Microscopically, extrahepatic biliary atresia leads to this appearance in the liver, with numerous brown-green bile plugs, bile duct proliferation (seen at lower center), and extensive fibrosis. If a large enough bile duct can be found to anastomose and provide bile drainage, then surgery can be curative.

此图为胆道闭锁的主要不同诊断:这是一例新生儿巨细胞肝炎。图中可见具有病灶肝细胞坏死、巨细胞转化、淋巴细胞浸润、枯否细胞增生和胆汁淤积(此图未显示)的肝小叶紊乱。新生儿肝炎可为先天性或由病毒感染引起。许多新生儿在几个月内康复。

Seen here is the major differential diagnosis of biliary atresia: this is neonatal giant cell hepatitis. There is lobular disarray with focal hepatocyte necrosis, giant cell transformation, lymphocytic infiltration, Kupffer cell hyperplasia, and cholestasis (not seen here). Neonatal hepatitis may be idiopathic or of viral origin. Many neonates recover in a couple of months.

过碘酸-雪夫(PAS)染色时,门脉周围的红色玻璃样小球是α-1-抗胰蛋白酶缺乏症(pi-ZZ纯合子基因型患者)的特征表现。肝细胞未排泌的α-1-抗胰蛋白酶在肝内聚集,形成小球。它最终可导致大结节性肝硬化。这些患者还可能发生全小叶性肺气肿。

The periportal red hyaline globules seen here with periodic acid-Schiff (PAS) stain are characteristic for alpha-1-antitrypsin deficiency (a person with homozygous pi-ZZ genotype). The globules are intrahepatic collections of alpha-1-antitrypsin that is not being excreted from the hepatocytes. This may eventually lead to a macronodular cirrhosis. These patients are also prone to develop panlobular emphysema of lungs.

肝脏三色染色显示硬化性胆管炎时,广泛的门管区纤维化。
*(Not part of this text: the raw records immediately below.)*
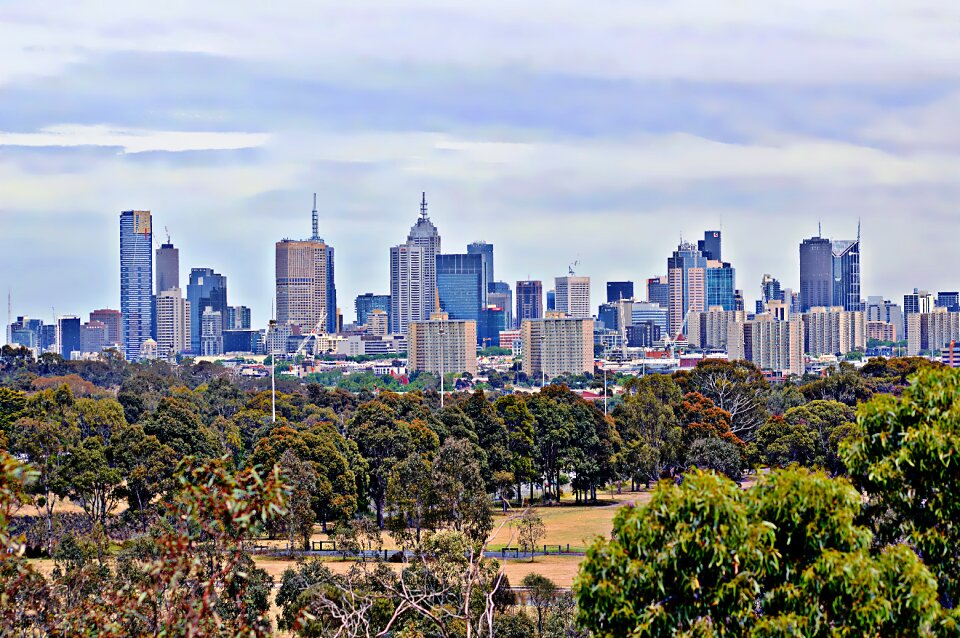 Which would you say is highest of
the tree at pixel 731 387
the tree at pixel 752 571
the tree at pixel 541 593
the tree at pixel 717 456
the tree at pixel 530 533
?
the tree at pixel 752 571

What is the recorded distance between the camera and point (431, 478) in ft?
146

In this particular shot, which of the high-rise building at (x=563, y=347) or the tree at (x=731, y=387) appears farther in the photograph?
the high-rise building at (x=563, y=347)

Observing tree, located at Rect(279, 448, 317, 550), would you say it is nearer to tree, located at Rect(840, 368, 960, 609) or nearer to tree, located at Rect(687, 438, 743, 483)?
tree, located at Rect(687, 438, 743, 483)

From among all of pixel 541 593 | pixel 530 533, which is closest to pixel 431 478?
pixel 530 533

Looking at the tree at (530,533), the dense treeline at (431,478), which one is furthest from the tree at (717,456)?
the tree at (530,533)

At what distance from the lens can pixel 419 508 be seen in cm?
4366

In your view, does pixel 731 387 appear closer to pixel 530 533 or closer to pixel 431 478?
pixel 530 533

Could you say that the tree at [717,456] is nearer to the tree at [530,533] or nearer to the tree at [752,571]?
the tree at [530,533]

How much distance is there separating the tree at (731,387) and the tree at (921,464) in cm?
6420

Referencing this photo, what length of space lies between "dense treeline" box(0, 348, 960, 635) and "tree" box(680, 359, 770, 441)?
0.48 ft

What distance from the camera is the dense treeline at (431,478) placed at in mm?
10625

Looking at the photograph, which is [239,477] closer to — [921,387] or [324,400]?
[921,387]

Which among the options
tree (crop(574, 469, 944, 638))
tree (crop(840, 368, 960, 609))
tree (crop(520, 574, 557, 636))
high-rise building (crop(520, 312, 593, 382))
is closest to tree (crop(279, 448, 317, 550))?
tree (crop(520, 574, 557, 636))

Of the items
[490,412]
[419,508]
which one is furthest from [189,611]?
[490,412] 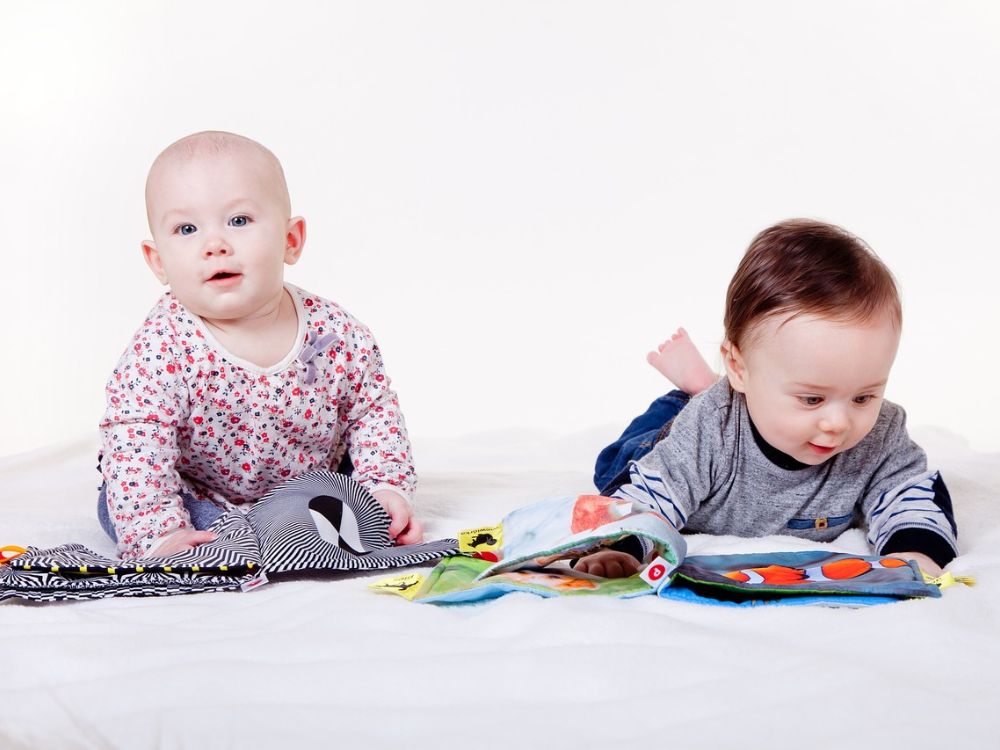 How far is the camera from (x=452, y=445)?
8.98 ft

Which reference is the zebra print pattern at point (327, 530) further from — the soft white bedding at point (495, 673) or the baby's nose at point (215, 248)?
the baby's nose at point (215, 248)

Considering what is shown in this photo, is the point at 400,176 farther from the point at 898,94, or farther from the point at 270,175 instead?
the point at 270,175

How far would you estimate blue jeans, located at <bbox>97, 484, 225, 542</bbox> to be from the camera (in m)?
1.76

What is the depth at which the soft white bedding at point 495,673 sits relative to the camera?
914 millimetres

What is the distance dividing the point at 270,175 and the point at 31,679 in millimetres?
882

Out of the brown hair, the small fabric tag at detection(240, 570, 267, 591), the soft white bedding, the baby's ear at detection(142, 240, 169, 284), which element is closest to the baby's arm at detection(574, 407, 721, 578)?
the brown hair

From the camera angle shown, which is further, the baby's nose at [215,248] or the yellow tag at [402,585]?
the baby's nose at [215,248]

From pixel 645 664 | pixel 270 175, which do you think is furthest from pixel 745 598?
pixel 270 175

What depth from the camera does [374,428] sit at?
189cm

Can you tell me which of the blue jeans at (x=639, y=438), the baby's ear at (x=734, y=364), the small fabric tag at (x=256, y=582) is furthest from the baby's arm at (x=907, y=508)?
the small fabric tag at (x=256, y=582)

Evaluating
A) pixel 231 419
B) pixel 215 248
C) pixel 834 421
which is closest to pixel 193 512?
pixel 231 419

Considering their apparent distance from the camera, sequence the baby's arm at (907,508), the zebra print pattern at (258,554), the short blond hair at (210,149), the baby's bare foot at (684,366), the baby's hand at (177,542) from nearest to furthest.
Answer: the zebra print pattern at (258,554) → the baby's arm at (907,508) → the baby's hand at (177,542) → the short blond hair at (210,149) → the baby's bare foot at (684,366)

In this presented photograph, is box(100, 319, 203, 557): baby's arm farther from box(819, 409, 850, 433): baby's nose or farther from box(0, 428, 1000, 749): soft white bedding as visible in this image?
box(819, 409, 850, 433): baby's nose

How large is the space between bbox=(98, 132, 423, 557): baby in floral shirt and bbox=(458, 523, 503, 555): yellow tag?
0.20m
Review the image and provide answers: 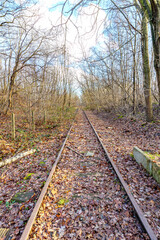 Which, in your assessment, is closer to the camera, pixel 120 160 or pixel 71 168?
pixel 71 168

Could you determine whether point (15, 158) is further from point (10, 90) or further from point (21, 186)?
point (10, 90)

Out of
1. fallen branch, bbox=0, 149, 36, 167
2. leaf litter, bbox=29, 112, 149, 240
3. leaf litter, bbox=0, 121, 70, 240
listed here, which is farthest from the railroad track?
fallen branch, bbox=0, 149, 36, 167

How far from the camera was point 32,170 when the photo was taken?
5.27 meters

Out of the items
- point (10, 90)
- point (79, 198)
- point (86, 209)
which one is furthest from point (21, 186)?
point (10, 90)

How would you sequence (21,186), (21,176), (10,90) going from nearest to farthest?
(21,186) → (21,176) → (10,90)

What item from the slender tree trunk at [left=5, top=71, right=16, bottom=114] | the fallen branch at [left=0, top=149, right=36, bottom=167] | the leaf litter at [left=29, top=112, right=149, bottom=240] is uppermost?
the slender tree trunk at [left=5, top=71, right=16, bottom=114]

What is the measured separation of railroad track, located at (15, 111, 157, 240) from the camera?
263 cm

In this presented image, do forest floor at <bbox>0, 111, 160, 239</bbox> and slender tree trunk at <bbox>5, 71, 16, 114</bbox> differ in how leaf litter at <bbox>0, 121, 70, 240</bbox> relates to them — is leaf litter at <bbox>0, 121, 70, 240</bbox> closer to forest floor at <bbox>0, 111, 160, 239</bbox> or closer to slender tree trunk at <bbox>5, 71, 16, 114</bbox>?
forest floor at <bbox>0, 111, 160, 239</bbox>

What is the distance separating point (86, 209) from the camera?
3223 mm

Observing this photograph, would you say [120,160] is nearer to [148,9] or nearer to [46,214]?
[46,214]

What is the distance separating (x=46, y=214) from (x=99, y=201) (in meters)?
1.17

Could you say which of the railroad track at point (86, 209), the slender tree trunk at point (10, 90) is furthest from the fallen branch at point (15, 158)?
the slender tree trunk at point (10, 90)

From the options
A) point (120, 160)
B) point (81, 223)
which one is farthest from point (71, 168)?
point (81, 223)

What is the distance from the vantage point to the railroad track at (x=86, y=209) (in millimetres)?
2631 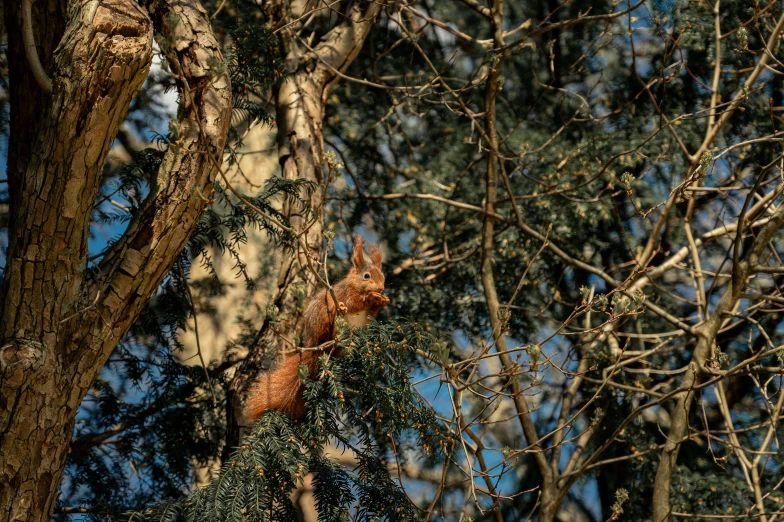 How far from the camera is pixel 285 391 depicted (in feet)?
9.38

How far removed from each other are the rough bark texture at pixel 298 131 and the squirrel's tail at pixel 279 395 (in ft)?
0.24

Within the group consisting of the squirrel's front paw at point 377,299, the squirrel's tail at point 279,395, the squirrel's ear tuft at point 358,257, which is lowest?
the squirrel's tail at point 279,395

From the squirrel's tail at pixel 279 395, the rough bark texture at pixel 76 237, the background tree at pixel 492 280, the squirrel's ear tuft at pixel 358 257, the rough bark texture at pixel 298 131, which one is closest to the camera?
the rough bark texture at pixel 76 237

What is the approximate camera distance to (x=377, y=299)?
3.22m

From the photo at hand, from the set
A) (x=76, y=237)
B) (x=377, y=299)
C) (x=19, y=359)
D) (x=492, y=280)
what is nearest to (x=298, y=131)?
(x=377, y=299)

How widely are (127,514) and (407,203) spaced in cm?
273

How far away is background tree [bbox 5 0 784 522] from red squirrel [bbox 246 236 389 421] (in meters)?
0.09

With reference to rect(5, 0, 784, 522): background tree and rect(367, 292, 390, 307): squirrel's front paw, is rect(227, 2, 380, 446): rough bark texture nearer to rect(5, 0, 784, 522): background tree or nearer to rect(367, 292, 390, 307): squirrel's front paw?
rect(5, 0, 784, 522): background tree

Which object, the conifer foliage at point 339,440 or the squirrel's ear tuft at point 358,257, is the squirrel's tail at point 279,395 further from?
the squirrel's ear tuft at point 358,257

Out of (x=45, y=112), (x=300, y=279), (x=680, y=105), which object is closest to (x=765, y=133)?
(x=680, y=105)

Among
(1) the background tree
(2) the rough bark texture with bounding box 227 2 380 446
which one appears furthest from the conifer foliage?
(2) the rough bark texture with bounding box 227 2 380 446

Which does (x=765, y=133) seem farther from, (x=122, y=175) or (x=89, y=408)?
(x=89, y=408)

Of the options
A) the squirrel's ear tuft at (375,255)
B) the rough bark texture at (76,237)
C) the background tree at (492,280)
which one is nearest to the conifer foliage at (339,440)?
the background tree at (492,280)

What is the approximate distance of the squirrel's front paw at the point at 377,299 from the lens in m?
3.19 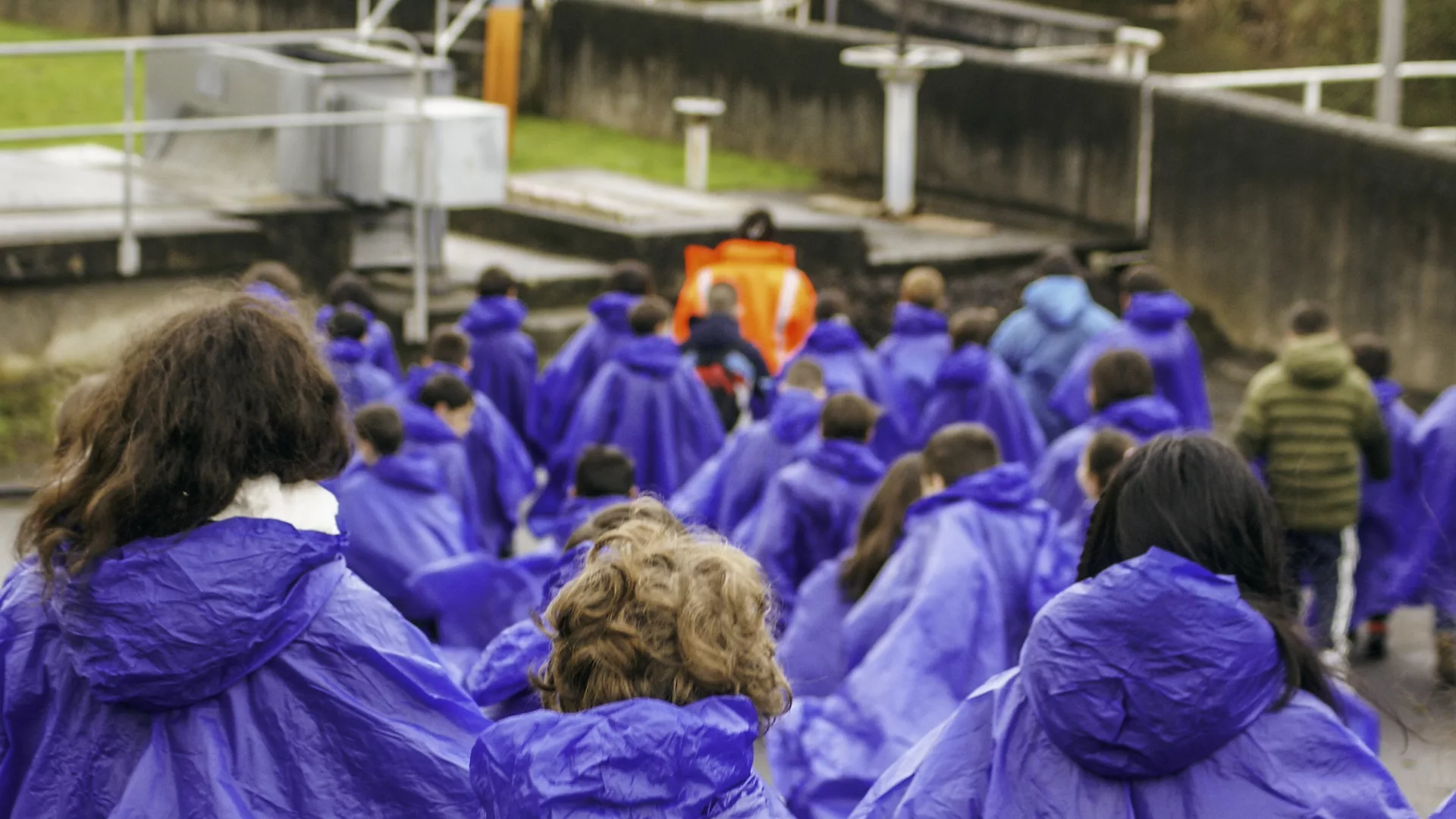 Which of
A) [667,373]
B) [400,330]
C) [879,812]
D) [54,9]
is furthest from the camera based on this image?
[54,9]

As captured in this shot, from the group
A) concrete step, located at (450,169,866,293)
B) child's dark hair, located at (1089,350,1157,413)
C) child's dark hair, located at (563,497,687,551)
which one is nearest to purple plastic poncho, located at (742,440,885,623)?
child's dark hair, located at (1089,350,1157,413)

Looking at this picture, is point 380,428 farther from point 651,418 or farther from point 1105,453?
point 651,418

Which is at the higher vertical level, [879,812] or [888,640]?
[879,812]

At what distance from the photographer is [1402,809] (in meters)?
3.17

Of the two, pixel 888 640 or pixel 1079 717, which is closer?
pixel 1079 717

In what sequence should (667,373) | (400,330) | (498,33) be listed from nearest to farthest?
(667,373), (400,330), (498,33)

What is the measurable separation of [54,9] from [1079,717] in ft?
77.8

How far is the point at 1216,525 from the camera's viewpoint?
10.3ft

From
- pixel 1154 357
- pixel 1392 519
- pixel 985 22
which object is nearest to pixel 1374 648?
pixel 1392 519

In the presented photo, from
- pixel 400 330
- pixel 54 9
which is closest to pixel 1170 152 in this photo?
pixel 400 330

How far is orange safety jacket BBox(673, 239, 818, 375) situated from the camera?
37.6ft

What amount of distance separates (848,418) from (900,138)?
900 centimetres

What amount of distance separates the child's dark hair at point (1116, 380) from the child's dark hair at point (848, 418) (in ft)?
3.47

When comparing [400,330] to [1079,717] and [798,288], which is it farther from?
[1079,717] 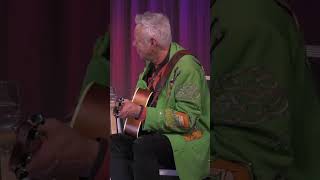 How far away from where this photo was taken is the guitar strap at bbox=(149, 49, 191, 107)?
1.29 metres

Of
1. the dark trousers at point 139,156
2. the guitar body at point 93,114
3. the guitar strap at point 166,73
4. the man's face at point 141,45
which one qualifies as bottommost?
the dark trousers at point 139,156

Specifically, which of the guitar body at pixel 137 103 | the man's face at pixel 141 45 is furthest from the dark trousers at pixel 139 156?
the man's face at pixel 141 45

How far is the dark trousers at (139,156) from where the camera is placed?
49.6 inches

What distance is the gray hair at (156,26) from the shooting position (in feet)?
4.22

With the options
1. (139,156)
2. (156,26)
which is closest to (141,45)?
(156,26)

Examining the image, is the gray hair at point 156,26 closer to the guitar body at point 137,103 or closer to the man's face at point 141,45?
the man's face at point 141,45

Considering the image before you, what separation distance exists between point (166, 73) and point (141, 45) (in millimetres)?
105

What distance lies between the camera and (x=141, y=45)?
1300mm

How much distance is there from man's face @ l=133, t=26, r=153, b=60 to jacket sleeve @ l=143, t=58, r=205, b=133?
9 cm

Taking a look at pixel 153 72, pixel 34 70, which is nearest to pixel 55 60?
pixel 34 70

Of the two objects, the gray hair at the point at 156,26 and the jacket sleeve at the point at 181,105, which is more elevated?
the gray hair at the point at 156,26

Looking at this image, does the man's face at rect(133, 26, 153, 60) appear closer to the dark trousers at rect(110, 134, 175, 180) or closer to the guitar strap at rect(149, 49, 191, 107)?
the guitar strap at rect(149, 49, 191, 107)

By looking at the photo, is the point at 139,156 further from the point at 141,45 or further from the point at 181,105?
the point at 141,45

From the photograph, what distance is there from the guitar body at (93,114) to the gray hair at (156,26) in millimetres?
213
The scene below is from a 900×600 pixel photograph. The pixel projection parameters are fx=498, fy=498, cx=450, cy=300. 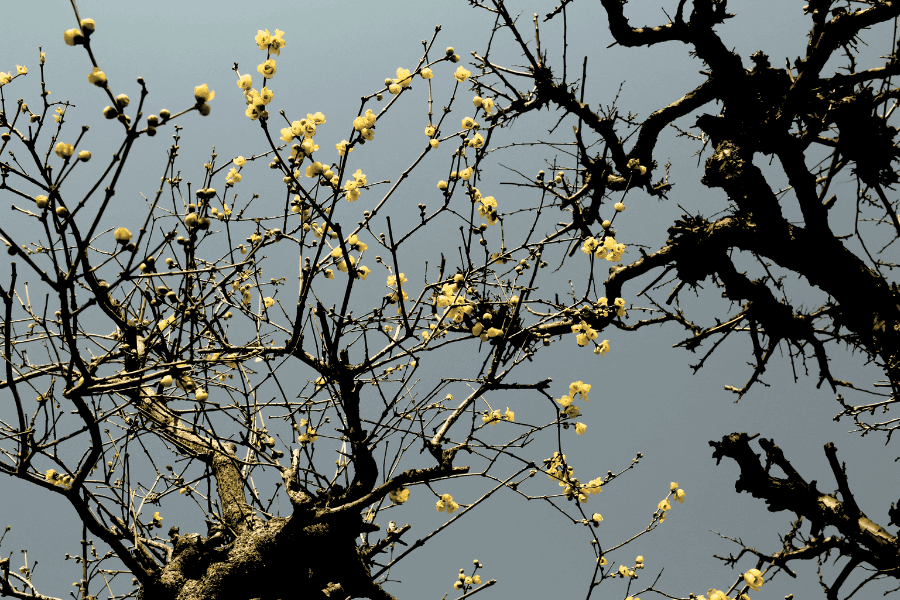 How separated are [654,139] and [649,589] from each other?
3.78 meters

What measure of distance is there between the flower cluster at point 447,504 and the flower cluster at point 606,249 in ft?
5.70

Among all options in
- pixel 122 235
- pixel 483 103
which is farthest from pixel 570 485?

肝细胞正常。

This trichrome stain of the liver demonstrates extensive portal tract fibrosis with sclerosing cholangitis. The hepatocytes are normal.

镜下可见,硬化性胆管炎患者的胆道周围环绕着明显的胶原结缔组织。

Microscopically, this bile duct in a case of sclerosing cholangitis is surrounded by marked collagenous connective tissue deposition.